Number of divergences: 0


HMC sampling with Gaussian prior.

- $l_{max} = 2$ :

In [6]:
rng_key = jax.random.key(0)

kernel_norm = NUTS(model_w_norm_prior, target_accept_prob=0.75)
mcmc_norm = MCMC(kernel_norm, num_warmup=n_warmup, num_samples=n_s, num_chains=n_chains, progress_bar=True)
mcmc_norm.run(rng_key, angles = angles_gen, obs = obs_gen, error = error_gen, lmax=2)

ps_w_norm_prior2 = mcmc_norm.get_samples()

diagnostics = summary(mcmc_norm.get_samples(group_by_chain=True))
divergences = mcmc_norm.get_extra_fields()["diverging"]  # shape: (num_samples * num_chains,)
num_divergences = divergences.sum()
print("Number of divergences:", num_divergences)

del mcmc_norm
gc.collect()
jax.clear_caches()

  mcmc_norm = MCMC(kernel_norm, num_warmup=n_warmup, num_samples=n_s, num_chains=n_chains, progress_bar=True)
sample: 100%|██████████| 2100/2100 [01:19<00:00, 26.49it/s, 15 steps of size 6.24e-02. acc. prob=0.87] 
sample: 100%|██████████| 2100/2100 [01:09<00:00, 30.04it/s, 63 steps of size 5.75e-02. acc. prob=0.90] 


Number of divergences: 0


In [7]:
sample_uni_l2 = jnp.mean(ps_w_uni_prior['theta'], axis=0)
error_uni_l2 = jnp.std(ps_w_uni_prior['theta'], axis=0)

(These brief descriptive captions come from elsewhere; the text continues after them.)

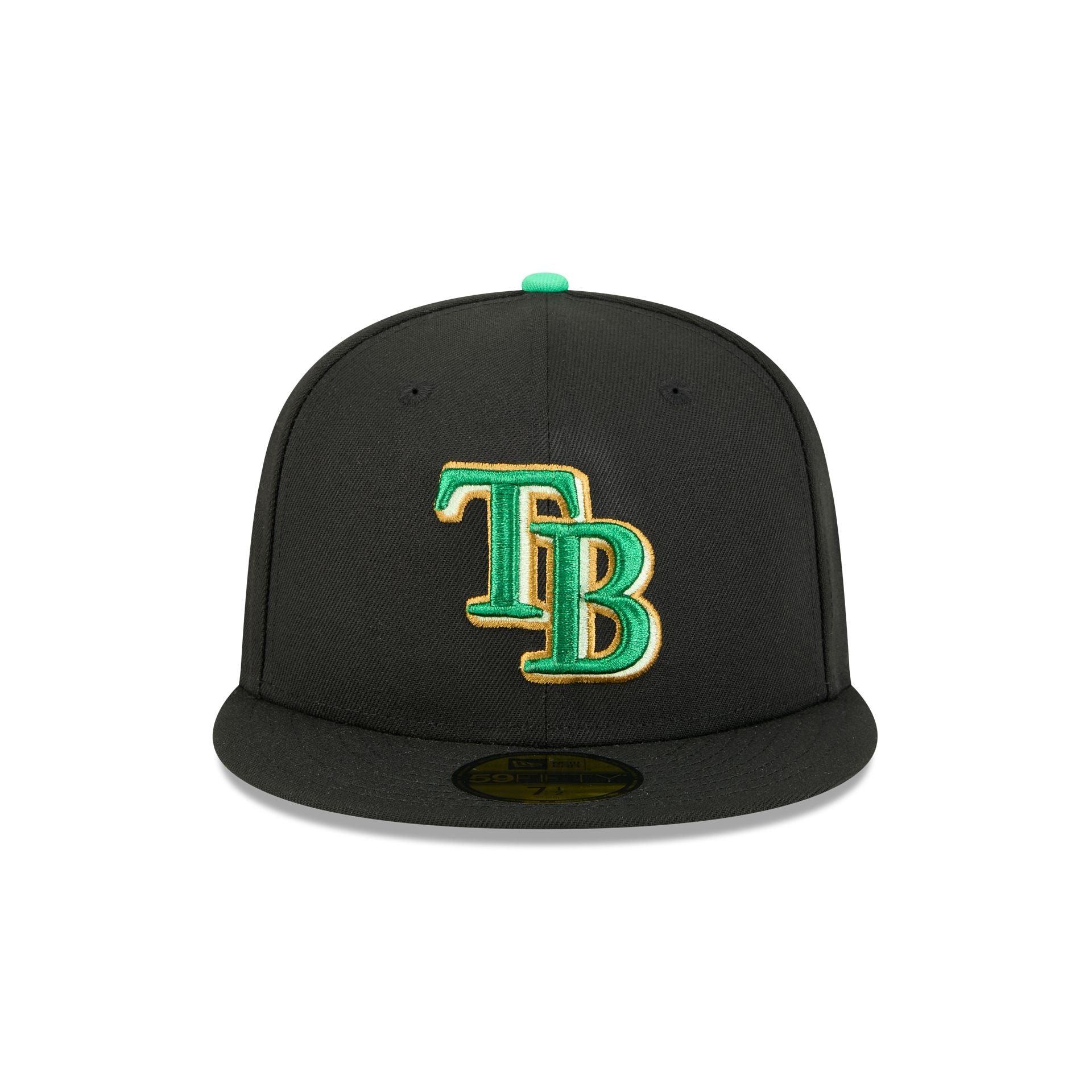 Tampa Bay Rays St. Patrick's Day 2026 59FIFTY Fitted Hat Male Product Image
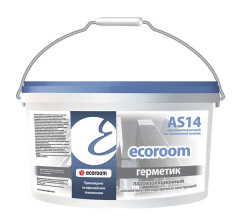 Герметик Ecoroom as 14 пароизоляционный для окон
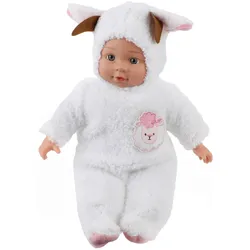 Toi-Toys Babypuppe im Tieranzug Schaf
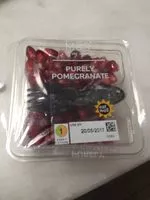 Mängden socker i PURELY POMEGRANATE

sample_norm_l2 = jnp.mean(ps_w_norm_prior2['theta'], axis=0)
error_norm_l2 = jnp.std(ps_w_norm_prior2['theta'], axis=0)


# Collecting Results

We are going to collect the above results in a DataFrame fromat and display them. For the general objective of this project, we only need to consider the spheroidal VSH coefficeint of the dipole ($l=1$), i.e. $s_{10}$, $s_{11}^{\real}$ and $s_{11}^{\Im}$, hence these are the ones we are going to display.

In [13]:
collect = {
    'True VSH Values': [true_coeff[1], true_coeff[4], true_coeff[5]],
    'Least Square Toy Model': [lsq_result[0][0], lsq_result[0][1], lsq_result[0][2]],
    'Least Square l = 1' : [lsq_result[1][0], lsq_result[1][1], lsq_result[1][2]],
    'Least Square l = 2' : [lsq_result[2][0], lsq_result[2][1], lsq_result[2][2]],
    'Least Square l = 3' : [lsq_result[3][0], lsq_result[3][1], lsq_result[3][2]],
    'HMC w uniform (l = 2)': [f'{sample_uni_l2[1]:.6f}+/-{error_uni_l2[1]:.6f}', f'{sample_uni_l2[4]:.6f}+/-{error_uni_l2[4]:.6f}', f'{sample_uni_l2[5]:.6f}+/-{error_uni_l2[5]:.6f}'],
    'HMC w normal (l = 2)': [f'{sample_norm_l2[1]:.6f}+/-{error_norm_l2[1]:.6f}', f'{sample_norm_l2[4]:.6f}+/-{error_norm_l2[4]:.6f}', f'{sample_norm_l2[5]:.6f}+/-{error_norm_l2[5]:.6f}']
    }
results = pd.DataFrame(data=collect, index = ['s_10', 's_11r', 's_11i'])
results

Unnamed: 0,True VSH Values,Least Square Toy Model,Least Square l = 1,Least Square l = 2,Least Square l = 3,HMC w uniform (l = 2),HMC w normal (l = 2)
s_10,0.05743,0.014507,0.131114,0.055558,0.033553,0.055663+/-0.000858,0.055714+/-0.000981
s_11r,0.008387,0.020003,0.020001,0.010001,0.010335,0.010170+/-0.001390,0.010037+/-0.001133
s_11i,-0.04014,-0.064133,-0.06413,-0.039599,-0.011941,-0.039626+/-0.000353,-0.039627+/-0.000321


The above results show that both HMC sampling provide similar results even with different priors, this is very important! Furthermore, we can recall that the synthetic data was degenerated with a quadrupole setting, i.e. l=2, of course the least square fir and the HMC sampling will work best with quadrupole setting. Nevertheless, considering the least square fit performance is acceptable even with other VSH settings. I did not bother providing and example in higher dimension for the HMC sampling as it is time consuming and our objective is not to focus on some synthetic data; this was only a matter of showing model consistency.